**Goal of the exercise**
Could you retype every line of the data underneath without altering anything?

**Data for processing**
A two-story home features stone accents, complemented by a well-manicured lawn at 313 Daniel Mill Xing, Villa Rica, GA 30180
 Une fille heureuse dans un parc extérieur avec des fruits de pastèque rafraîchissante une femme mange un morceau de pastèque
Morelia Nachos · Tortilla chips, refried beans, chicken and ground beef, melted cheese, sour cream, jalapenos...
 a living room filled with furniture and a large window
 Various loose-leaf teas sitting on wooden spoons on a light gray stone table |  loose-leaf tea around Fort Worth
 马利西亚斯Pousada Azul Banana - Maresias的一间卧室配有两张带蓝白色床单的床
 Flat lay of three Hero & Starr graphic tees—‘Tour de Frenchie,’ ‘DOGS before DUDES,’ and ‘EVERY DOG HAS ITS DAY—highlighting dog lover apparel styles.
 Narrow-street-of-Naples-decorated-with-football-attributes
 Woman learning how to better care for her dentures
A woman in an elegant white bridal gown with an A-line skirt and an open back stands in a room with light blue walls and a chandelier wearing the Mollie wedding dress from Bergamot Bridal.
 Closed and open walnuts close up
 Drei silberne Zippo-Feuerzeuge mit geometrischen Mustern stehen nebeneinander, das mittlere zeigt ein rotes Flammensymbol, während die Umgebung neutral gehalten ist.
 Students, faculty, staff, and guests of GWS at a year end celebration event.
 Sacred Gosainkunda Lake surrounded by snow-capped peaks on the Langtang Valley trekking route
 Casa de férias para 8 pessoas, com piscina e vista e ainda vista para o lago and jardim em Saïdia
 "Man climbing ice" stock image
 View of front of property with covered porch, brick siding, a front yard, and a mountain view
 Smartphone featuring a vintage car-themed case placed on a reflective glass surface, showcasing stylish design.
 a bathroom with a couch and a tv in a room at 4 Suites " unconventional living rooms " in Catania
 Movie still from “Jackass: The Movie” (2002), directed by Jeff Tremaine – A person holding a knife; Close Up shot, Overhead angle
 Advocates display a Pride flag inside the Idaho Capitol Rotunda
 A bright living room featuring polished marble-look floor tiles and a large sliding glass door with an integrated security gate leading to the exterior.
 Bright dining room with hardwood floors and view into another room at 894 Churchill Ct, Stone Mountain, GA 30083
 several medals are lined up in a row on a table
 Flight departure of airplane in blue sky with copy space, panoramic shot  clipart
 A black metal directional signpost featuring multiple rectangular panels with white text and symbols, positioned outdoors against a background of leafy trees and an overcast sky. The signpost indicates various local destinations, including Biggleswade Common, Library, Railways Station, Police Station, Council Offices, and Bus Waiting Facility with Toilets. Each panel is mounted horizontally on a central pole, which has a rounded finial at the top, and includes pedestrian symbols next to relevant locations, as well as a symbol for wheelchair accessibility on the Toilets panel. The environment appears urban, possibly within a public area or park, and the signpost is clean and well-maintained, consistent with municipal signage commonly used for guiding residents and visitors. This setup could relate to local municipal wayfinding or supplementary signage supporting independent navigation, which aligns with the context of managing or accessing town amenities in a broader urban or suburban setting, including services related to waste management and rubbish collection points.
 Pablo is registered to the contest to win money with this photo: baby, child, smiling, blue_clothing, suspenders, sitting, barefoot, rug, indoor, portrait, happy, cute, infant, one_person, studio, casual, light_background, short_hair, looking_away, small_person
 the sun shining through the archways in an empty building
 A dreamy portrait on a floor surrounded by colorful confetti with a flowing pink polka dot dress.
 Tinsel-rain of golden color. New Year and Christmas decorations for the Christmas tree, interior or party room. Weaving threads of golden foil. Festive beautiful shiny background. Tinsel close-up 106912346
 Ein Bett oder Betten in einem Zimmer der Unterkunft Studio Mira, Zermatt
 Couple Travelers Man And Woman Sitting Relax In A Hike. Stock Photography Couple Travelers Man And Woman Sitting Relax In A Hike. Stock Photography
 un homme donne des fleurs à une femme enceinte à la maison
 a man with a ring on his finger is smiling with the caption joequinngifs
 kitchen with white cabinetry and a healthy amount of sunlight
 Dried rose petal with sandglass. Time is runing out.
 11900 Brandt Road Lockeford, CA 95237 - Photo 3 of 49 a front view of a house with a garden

**Solved exercise**
A two-story home features stone accents, complemented by a well-manicured lawn at 313 Daniel Mill Xing, Villa Rica, GA 30180
 Une fille heureuse dans un parc extérieur avec des fruits de pastèque rafraîchissante une femme mange un morceau de pastèque
Morelia Nachos · Tortilla chips, refried beans, chicken and ground beef, melted cheese, sour cream, jalapenos...
 a living room filled with furniture and a large window
 Various loose-leaf teas sitting on wooden spoons on a light gray stone table |  loose-leaf tea around Fort Worth
 马利西亚斯Pousada Azul Banana - Maresias的一间卧室配有两张带蓝白色床单的床
 Flat lay of three Hero & Starr graphic tees—‘Tour de Frenchie,’ ‘DOGS before DUDES,’ and ‘EVERY DOG HAS ITS DAY—highlighting dog lover apparel styles.
 Narrow-street-of-Naples-decorated-with-football-attributes
 Woman learning how to better care for her dentures
A woman in an elegant white bridal gown with an A-line skirt and an open back stands in a room with light blue walls and a chandelier wearing the Mollie wedding dress from Bergamot Bridal.
 Closed and open walnuts close up
 Drei silberne Zippo-Feuerzeuge mit geometrischen Mustern stehen nebeneinander, das mittlere zeigt ein rotes Flammensymbol, während die Umgebung neutral gehalten ist.
 Students, faculty, staff, and guests of GWS at a year end celebration event.
 Sacred Gosainkunda Lake surrounded by snow-capped peaks on the Langtang Valley trekking route
 Casa de férias para 8 pessoas, com piscina e vista e ainda vista para o lago and jardim em Saïdia
 "Man climbing ice" stock image
 View of front of property with covered porch, brick siding, a front yard, and a mountain view
 Smartphone featuring a vintage car-themed case placed on a reflective glass surface, showcasing stylish design.
 a bathroom with a couch and a tv in a room at 4 Suites " unconventional living rooms " in Catania
 Movie still from “Jackass: The Movie” (2002), directed by Jeff Tremaine – A person holding a knife; Close Up shot, Overhead angle
 Advocates display a Pride flag inside the Idaho Capitol Rotunda
 A bright living room featuring polished marble-look floor tiles and a large sliding glass door with an integrated security gate leading to the exterior.
 Bright dining room with hardwood floors and view into another room at 894 Churchill Ct, Stone Mountain, GA 30083
 several medals are lined up in a row on a table
 Flight departure of airplane in blue sky with copy space, panoramic shot  clipart
 A black metal directional signpost featuring multiple rectangular panels with white text and symbols, positioned outdoors against a background of leafy trees and an overcast sky. The signpost indicates various local destinations, including Biggleswade Common, Library, Railways Station, Police Station, Council Offices, and Bus Waiting Facility with Toilets. Each panel is mounted horizontally on a central pole, which has a rounded finial at the top, and includes pedestrian symbols next to relevant locations, as well as a symbol for wheelchair accessibility on the Toilets panel. The environment appears urban, possibly within a public area or park, and the signpost is clean and well-maintained, consistent with municipal signage commonly used for guiding residents and visitors. This setup could relate to local municipal wayfinding or supplementary signage supporting independent navigation, which aligns with the context of managing or accessing town amenities in a broader urban or suburban setting, including services related to waste management and rubbish collection points.
 Pablo is registered to the contest to win money with this photo: baby, child, smiling, blue_clothing, suspenders, sitting, barefoot, rug, indoor, portrait, happy, cute, infant, one_person, studio, casual, light_background, short_hair, looking_away, small_person
 the sun shining through the archways in an empty building
 A dreamy portrait on a floor surrounded by colorful confetti with a flowing pink polka dot dress.
 Tinsel-rain of golden color. New Year and Christmas decorations for the Christmas tree, interior or party room. Weaving threads of golden foil. Festive beautiful shiny background. Tinsel close-up 106912346
 Ein Bett oder Betten in einem Zimmer der Unterkunft Studio Mira, Zermatt
 Couple Travelers Man And Woman Sitting Relax In A Hike. Stock Photography Couple Travelers Man And Woman Sitting Relax In A Hike. Stock Photography
 un homme donne des fleurs à une femme enceinte à la maison
 a man with a ring on his finger is smiling with the caption joequinngifs
 kitchen with white cabinetry and a healthy amount of sunlight
 Dried rose petal with sandglass. Time is runing out.
 11900 Brandt Road Lockeford, CA 95237 - Photo 3 of 49 a front view of a house with a garden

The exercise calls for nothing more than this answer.